> _WHAT THE TASK ASKS_
Retype all the data word for word.

Records drawn from a dataset:
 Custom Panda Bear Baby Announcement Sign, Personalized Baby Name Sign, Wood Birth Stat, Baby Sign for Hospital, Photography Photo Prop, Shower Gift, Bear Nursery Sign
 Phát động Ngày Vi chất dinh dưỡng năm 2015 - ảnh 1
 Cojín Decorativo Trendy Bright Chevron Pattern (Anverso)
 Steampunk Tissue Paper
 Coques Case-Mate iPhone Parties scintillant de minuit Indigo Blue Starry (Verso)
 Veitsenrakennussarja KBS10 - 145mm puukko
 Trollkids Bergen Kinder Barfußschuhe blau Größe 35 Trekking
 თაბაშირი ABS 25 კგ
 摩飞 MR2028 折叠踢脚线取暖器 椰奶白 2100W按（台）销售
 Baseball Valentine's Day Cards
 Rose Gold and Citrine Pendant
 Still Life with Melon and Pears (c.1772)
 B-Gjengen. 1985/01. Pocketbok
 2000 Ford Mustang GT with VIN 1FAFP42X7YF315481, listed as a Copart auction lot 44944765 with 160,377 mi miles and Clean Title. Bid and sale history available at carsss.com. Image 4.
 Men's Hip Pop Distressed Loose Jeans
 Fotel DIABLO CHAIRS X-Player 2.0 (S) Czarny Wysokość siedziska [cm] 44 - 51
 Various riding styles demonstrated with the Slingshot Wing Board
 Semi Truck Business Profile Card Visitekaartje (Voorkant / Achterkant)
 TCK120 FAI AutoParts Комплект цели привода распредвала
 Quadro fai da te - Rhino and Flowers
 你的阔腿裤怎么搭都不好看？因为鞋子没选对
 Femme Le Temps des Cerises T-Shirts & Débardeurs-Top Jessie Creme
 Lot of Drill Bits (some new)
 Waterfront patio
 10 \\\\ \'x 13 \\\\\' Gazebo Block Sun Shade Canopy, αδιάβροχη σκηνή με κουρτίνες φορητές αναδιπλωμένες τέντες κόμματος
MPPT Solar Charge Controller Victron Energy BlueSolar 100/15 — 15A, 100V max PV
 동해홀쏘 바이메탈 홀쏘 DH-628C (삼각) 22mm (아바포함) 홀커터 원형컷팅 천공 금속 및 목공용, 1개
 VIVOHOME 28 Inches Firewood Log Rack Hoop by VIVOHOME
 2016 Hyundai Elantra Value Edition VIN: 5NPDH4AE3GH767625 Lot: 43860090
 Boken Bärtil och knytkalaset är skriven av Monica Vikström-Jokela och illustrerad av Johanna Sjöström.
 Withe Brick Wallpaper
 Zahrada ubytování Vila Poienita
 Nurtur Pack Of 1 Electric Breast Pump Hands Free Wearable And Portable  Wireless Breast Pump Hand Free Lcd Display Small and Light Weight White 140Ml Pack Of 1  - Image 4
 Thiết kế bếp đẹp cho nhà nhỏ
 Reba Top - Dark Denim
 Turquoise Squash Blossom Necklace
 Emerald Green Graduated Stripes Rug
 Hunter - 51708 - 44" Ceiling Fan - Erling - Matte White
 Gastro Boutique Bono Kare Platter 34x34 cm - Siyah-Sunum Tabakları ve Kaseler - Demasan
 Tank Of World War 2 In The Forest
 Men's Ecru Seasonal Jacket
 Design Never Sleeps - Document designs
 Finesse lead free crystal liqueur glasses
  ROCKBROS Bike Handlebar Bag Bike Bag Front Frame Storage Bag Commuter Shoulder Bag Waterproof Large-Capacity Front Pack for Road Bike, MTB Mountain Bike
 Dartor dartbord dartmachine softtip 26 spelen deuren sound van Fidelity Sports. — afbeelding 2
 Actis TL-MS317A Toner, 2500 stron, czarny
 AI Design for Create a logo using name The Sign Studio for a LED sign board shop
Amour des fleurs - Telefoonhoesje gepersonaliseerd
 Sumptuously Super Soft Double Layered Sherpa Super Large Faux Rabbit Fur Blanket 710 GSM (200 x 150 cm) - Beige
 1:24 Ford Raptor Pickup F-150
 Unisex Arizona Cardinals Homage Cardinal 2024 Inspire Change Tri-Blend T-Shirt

> _EXERCISE OUTPUT_
 Custom Panda Bear Baby Announcement Sign, Personalized Baby Name Sign, Wood Birth Stat, Baby Sign for Hospital, Photography Photo Prop, Shower Gift, Bear Nursery Sign
 Phát động Ngày Vi chất dinh dưỡng năm 2015 - ảnh 1
 Cojín Decorativo Trendy Bright Chevron Pattern (Anverso)
 Steampunk Tissue Paper
 Coques Case-Mate iPhone Parties scintillant de minuit Indigo Blue Starry (Verso)
 Veitsenrakennussarja KBS10 - 145mm puukko
 Trollkids Bergen Kinder Barfußschuhe blau Größe 35 Trekking
 თაბაშირი ABS 25 კგ
 摩飞 MR2028 折叠踢脚线取暖器 椰奶白 2100W按（台）销售
 Baseball Valentine's Day Cards
 Rose Gold and Citrine Pendant
 Still Life with Melon and Pears (c.1772)
 B-Gjengen. 1985/01. Pocketbok
 2000 Ford Mustang GT with VIN 1FAFP42X7YF315481, listed as a Copart auction lot 44944765 with 160,377 mi miles and Clean Title. Bid and sale history available at carsss.com. Image 4.
 Men's Hip Pop Distressed Loose Jeans
 Fotel DIABLO CHAIRS X-Player 2.0 (S) Czarny Wysokość siedziska [cm] 44 - 51
 Various riding styles demonstrated with the Slingshot Wing Board
 Semi Truck Business Profile Card Visitekaartje (Voorkant / Achterkant)
 TCK120 FAI AutoParts Комплект цели привода распредвала
 Quadro fai da te - Rhino and Flowers
 你的阔腿裤怎么搭都不好看？因为鞋子没选对
 Femme Le Temps des Cerises T-Shirts & Débardeurs-Top Jessie Creme
 Lot of Drill Bits (some new)
 Waterfront patio
 10 \\\\ \'x 13 \\\\\' Gazebo Block Sun Shade Canopy, αδιάβροχη σκηνή με κουρτίνες φορητές αναδιπλωμένες τέντες κόμματος
MPPT Solar Charge Controller Victron Energy BlueSolar 100/15 — 15A, 100V max PV
 동해홀쏘 바이메탈 홀쏘 DH-628C (삼각) 22mm (아바포함) 홀커터 원형컷팅 천공 금속 및 목공용, 1개
 VIVOHOME 28 Inches Firewood Log Rack Hoop by VIVOHOME
 2016 Hyundai Elantra Value Edition VIN: 5NPDH4AE3GH767625 Lot: 43860090
 Boken Bärtil och knytkalaset är skriven av Monica Vikström-Jokela och illustrerad av Johanna Sjöström.
 Withe Brick Wallpaper
 Zahrada ubytování Vila Poienita
 Nurtur Pack Of 1 Electric Breast Pump Hands Free Wearable And Portable  Wireless Breast Pump Hand Free Lcd Display Small and Light Weight White 140Ml Pack Of 1  - Image 4
 Thiết kế bếp đẹp cho nhà nhỏ
 Reba Top - Dark Denim
 Turquoise Squash Blossom Necklace
 Emerald Green Graduated Stripes Rug
 Hunter - 51708 - 44" Ceiling Fan - Erling - Matte White
 Gastro Boutique Bono Kare Platter 34x34 cm - Siyah-Sunum Tabakları ve Kaseler - Demasan
 Tank Of World War 2 In The Forest
 Men's Ecru Seasonal Jacket
 Design Never Sleeps - Document designs
 Finesse lead free crystal liqueur glasses
  ROCKBROS Bike Handlebar Bag Bike Bag Front Frame Storage Bag Commuter Shoulder Bag Waterproof Large-Capacity Front Pack for Road Bike, MTB Mountain Bike
 Dartor dartbord dartmachine softtip 26 spelen deuren sound van Fidelity Sports. — afbeelding 2
 Actis TL-MS317A Toner, 2500 stron, czarny
 AI Design for Create a logo using name The Sign Studio for a LED sign board shop
Amour des fleurs - Telefoonhoesje gepersonaliseerd
 Sumptuously Super Soft Double Layered Sherpa Super Large Faux Rabbit Fur Blanket 710 GSM (200 x 150 cm) - Beige
 1:24 Ford Raptor Pickup F-150
 Unisex Arizona Cardinals Homage Cardinal 2024 Inspire Change Tri-Blend T-Shirt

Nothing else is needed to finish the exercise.